2M0437 b, or 2MASS J04372171+2651014 b, is an extrasolar planet that orbits the red dwarf of the pre-main sequence 2MASS J04372171+2651014, 418 light-years away in the constellation of Taurus. It is a gas giant, with a mass 4 times that of Jupiter. It is one of the few exoplanets directly imaged. The planet is of importance to astronomers as it challenges models of planet formation by nucleus accretion and disk instability.

Star 
The host star is a low mass red dwarf star (a mass of 0.15-0.18 solar masses) that belongs to the pre-main sequence with a temperature of 3100 K. Although K2 detected a quasiperiodic dimming of nearby circumstellar dust, the star it lacks an excess infrared emission detectable from a circumstellar disk and its Hα emission is not proportional to accretion.

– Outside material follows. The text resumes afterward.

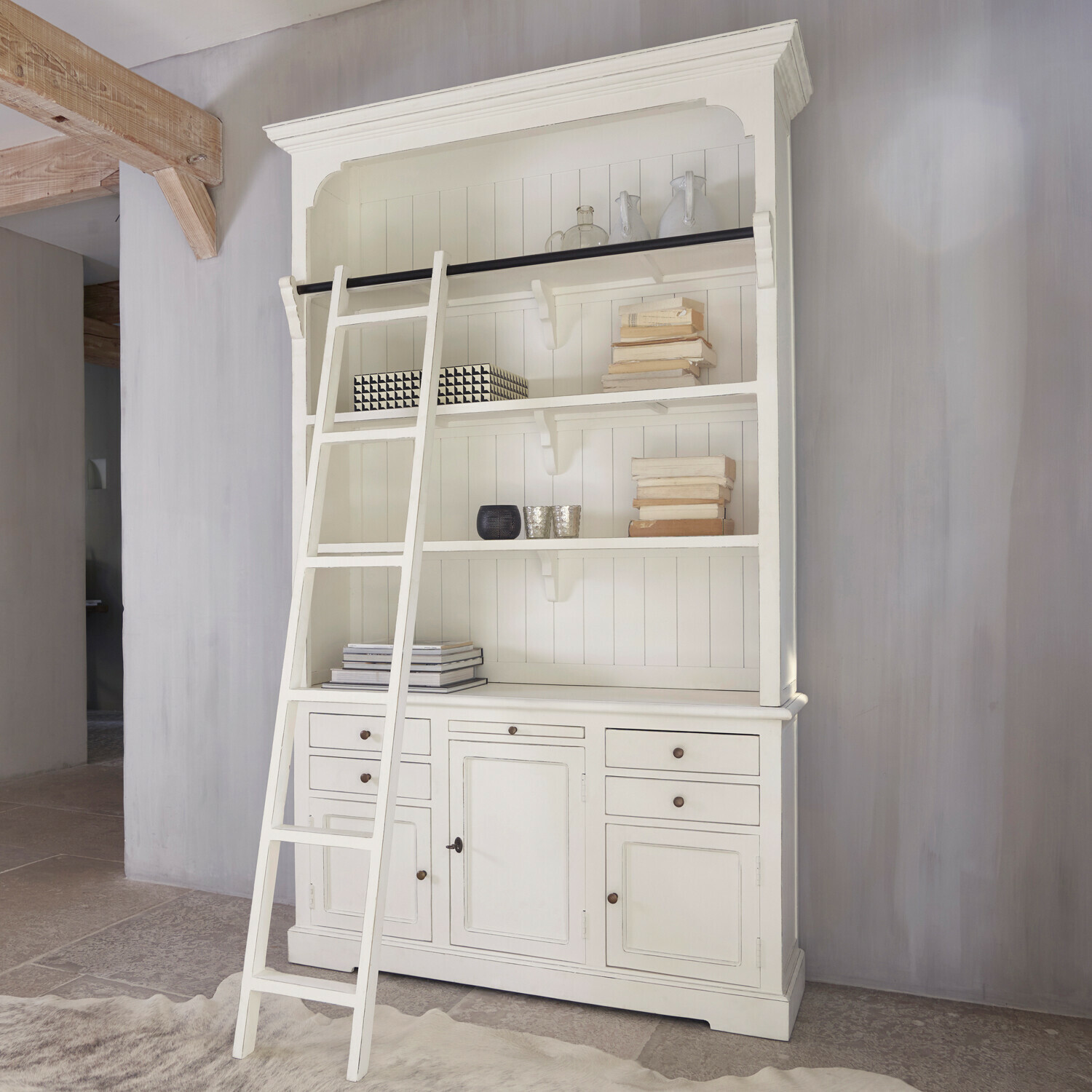 Weiße Holzvitrine mit Leiter und Regalen, stilvolles Möbelstück für Wohnzimmer oder Büro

There is also evidence of a second extremely faint object 75 arc-seconds apart that is possibly linked to the star.

Discovery 
2MASS J0437 b was first observed in March 2018 in images from the Subaru Telescope. The observations required three years to confirm that the observed object was not a background star since the star has a very slow apparent movement across the sky.

Characteristics 
It is a super-Jupiter-type planet with a mass of 4 or 5 times that of Jupiter, at a distance of 118 AU from its star and an age between 2 and 5 million years. It is one of the youngest planets discovered. Together with their star they belong to a 1 to 5 million year old Taurus star formation region. Its effective temperature of ~ 1450 K gives it a spectrum of the L8-9 spectral type.